メタセニア人に気付かれないように――、しかしレオと伝令には分かる程度に、噛み殺した溜息を鼻から逃がす。
「なら、突っ込んできたのが主力だな」
おそらく、敵将もそこにいる。マケドニコーバシオの、王太子派の今後のためにも、エパメイノンダスはここで排除しなければならない。
どうしますか? と、目で問うレオに、俺は長剣を鞘から抜き放って味方の戦場後方を指した。
「後方を迂回し、敵の左側面を狙う」
頷くレオに、俺は「ここの指揮はお前が取れ。ただし、交戦は許可しない」と、レオが頷いている最中に付け加えた。
え? と、伝令が戸惑った顔をし、レオも意味を量りかねているのか首を傾げている。
「どの道、ここも同盟軍も決着がついてからしか動かん。というか、動けん。主力同士の決戦が終われば、敵の同盟軍も引くし追撃は十分には出来ん。逆も然りだ。撤退準備を進めろ。いいな? 必ず、ここに残す者はナウパクトスに退かせろ」
レオは露骨に不満を態度に表したが、現在の指揮官は俺であるために最後には「御意」と、答えた。
頷き、集った軽装歩兵へと向き合う。
「聞け! メタセニア人よ! これより我々はラケルデモンの支援要請の元、敵左翼側面主力部隊への攻撃を行う!」
出兵演説も聴いているからか、露骨な反対はない。が、現状、積極的な戦闘も行わないだろう。

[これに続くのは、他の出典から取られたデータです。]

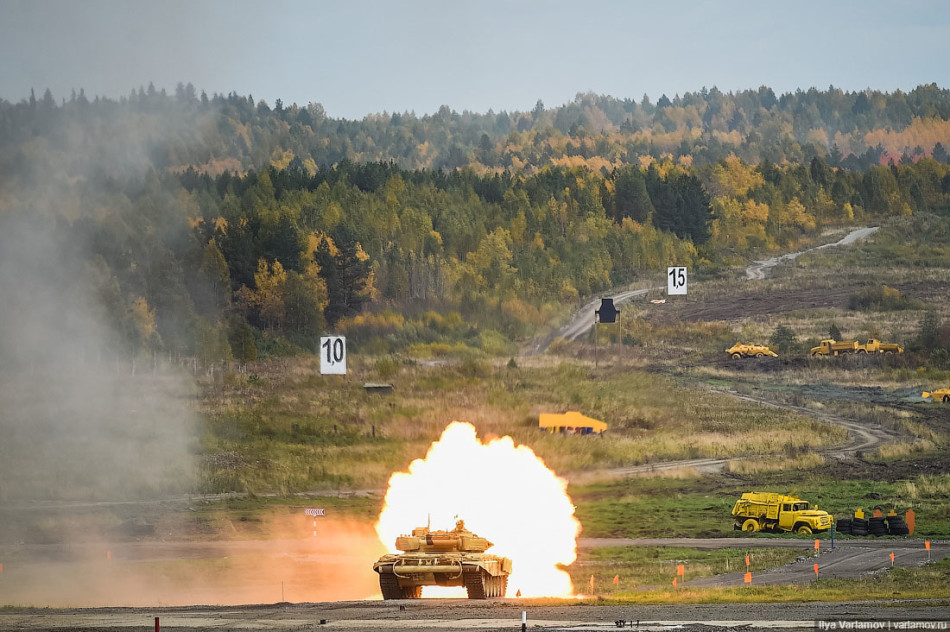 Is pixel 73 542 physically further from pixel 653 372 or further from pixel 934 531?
pixel 653 372

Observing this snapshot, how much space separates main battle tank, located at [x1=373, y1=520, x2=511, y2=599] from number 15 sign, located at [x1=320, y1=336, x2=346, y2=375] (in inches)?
3087

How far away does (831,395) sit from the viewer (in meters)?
115

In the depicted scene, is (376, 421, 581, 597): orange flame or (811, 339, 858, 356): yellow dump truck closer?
(376, 421, 581, 597): orange flame

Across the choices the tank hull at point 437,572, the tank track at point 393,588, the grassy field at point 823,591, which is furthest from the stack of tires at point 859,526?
the tank track at point 393,588

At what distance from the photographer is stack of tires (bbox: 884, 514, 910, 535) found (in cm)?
5784

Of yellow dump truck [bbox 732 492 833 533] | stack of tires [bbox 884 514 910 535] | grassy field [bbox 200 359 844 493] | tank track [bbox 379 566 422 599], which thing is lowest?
tank track [bbox 379 566 422 599]

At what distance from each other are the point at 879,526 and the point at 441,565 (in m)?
27.3

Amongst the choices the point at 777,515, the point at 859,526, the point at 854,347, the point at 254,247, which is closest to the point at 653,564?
the point at 777,515

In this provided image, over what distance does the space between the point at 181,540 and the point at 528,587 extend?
68.0 feet

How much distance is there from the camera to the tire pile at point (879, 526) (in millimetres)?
57875

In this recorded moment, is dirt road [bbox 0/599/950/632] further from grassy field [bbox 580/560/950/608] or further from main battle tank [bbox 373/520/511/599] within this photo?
grassy field [bbox 580/560/950/608]

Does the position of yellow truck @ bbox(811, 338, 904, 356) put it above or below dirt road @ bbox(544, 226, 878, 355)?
below

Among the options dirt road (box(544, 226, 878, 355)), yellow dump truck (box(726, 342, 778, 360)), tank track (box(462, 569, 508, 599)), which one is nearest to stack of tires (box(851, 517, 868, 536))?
tank track (box(462, 569, 508, 599))

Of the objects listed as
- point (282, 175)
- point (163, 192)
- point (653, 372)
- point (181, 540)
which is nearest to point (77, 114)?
point (163, 192) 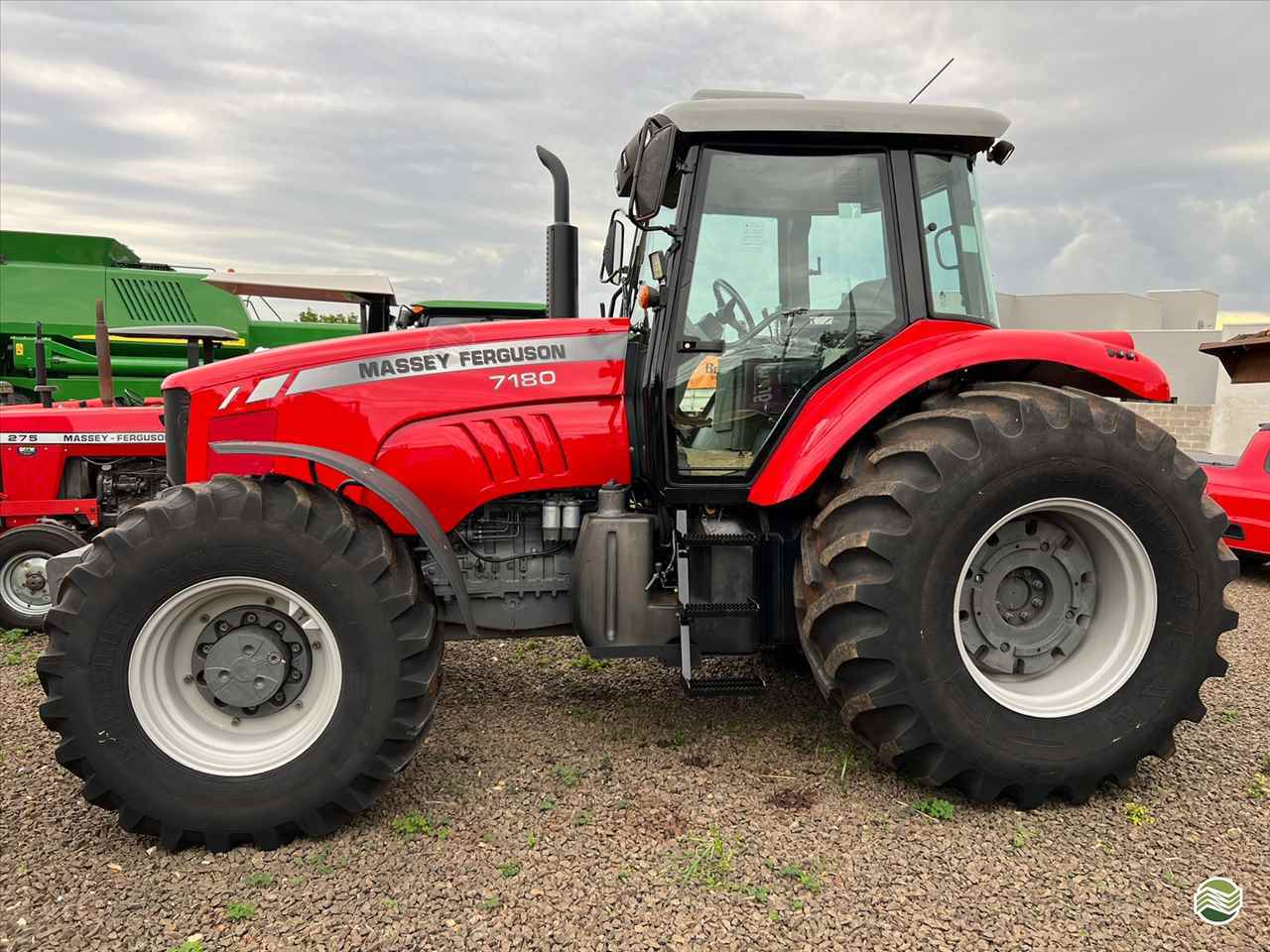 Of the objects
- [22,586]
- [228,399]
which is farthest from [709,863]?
[22,586]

態度や表情に出てはいないが、レオや伝令――ラケルデモン人からの不安そうな気配は伝わってきている。
「いいか! 独立とは誰かに与えられるものではない。自らの手で勝ち取るものである!」
叱責するように強く言い放った後――。
一度だけ空を仰ぎ、王太子の気配を思い起こして身にまとう。
兄弟なら、きっと、こう言う。
「おそらくは同じような台詞でラケルデモンは貴様等を煽り、戦場で使い潰そうとしたのだろう。だが、だからこそ考えろ、ミュティレアでの日々に偽りはあったか? お前達があの場所で創造した自らの国家を作れるのは、ティーバか? ヴィオティアか? ……それは、ラケルデモンでもマケドニコーバシオでも、誰にでも出来ない。お前たち自身の、同胞の、命と力で成し遂げる理想郷である。国家もなにも抜きにした俺個人のこの私見に賛同できる者だけで構わない。腑抜けたラケルデモン人に自らの力と意思を示せ!」
最後に軽く微笑んでから、俺は長剣の切っ先を空へと突き上げた。